**Problem to work on**
In the records below, begin at the line that has "stivaletti neve donna" and stop after the line that has "Trailer Mounted 125KVA"; quote those lines verbatim and nothing more.

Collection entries
[Start of section]

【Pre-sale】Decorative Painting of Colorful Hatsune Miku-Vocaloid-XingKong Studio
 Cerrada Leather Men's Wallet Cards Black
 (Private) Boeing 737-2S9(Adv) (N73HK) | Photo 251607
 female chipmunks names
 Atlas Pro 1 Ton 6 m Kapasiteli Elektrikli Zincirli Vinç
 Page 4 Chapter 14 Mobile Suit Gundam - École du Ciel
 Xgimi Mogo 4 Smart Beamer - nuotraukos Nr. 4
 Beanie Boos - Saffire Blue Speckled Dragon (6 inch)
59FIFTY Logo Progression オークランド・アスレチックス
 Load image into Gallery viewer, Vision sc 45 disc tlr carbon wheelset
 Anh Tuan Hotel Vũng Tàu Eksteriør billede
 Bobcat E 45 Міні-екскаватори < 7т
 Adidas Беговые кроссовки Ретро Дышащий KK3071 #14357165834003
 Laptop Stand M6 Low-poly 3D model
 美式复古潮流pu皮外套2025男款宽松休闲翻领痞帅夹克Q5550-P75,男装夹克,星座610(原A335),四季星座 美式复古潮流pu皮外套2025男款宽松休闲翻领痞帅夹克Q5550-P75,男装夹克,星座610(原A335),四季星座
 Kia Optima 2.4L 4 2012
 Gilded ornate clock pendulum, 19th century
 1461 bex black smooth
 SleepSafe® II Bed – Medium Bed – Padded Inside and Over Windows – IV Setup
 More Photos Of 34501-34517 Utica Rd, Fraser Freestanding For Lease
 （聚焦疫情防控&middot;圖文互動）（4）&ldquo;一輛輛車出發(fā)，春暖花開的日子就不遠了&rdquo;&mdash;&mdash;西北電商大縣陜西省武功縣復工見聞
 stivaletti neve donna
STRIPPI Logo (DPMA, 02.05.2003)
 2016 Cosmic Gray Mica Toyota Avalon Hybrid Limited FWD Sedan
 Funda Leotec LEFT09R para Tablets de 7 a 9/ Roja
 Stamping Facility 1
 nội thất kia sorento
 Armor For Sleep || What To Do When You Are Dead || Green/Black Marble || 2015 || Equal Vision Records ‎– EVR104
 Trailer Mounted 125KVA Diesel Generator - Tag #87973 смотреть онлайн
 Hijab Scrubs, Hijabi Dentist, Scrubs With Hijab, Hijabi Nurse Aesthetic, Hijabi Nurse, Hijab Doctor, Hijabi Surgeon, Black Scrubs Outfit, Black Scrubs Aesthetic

[End of section]

**Response to this exercise**
 stivaletti neve donna
STRIPPI Logo (DPMA, 02.05.2003)
 2016 Cosmic Gray Mica Toyota Avalon Hybrid Limited FWD Sedan
 Funda Leotec LEFT09R para Tablets de 7 a 9/ Roja
 Stamping Facility 1
 nội thất kia sorento
 Armor For Sleep || What To Do When You Are Dead || Green/Black Marble || 2015 || Equal Vision Records ‎– EVR104
 Trailer Mounted 125KVA Diesel Generator - Tag #87973 смотреть онлайн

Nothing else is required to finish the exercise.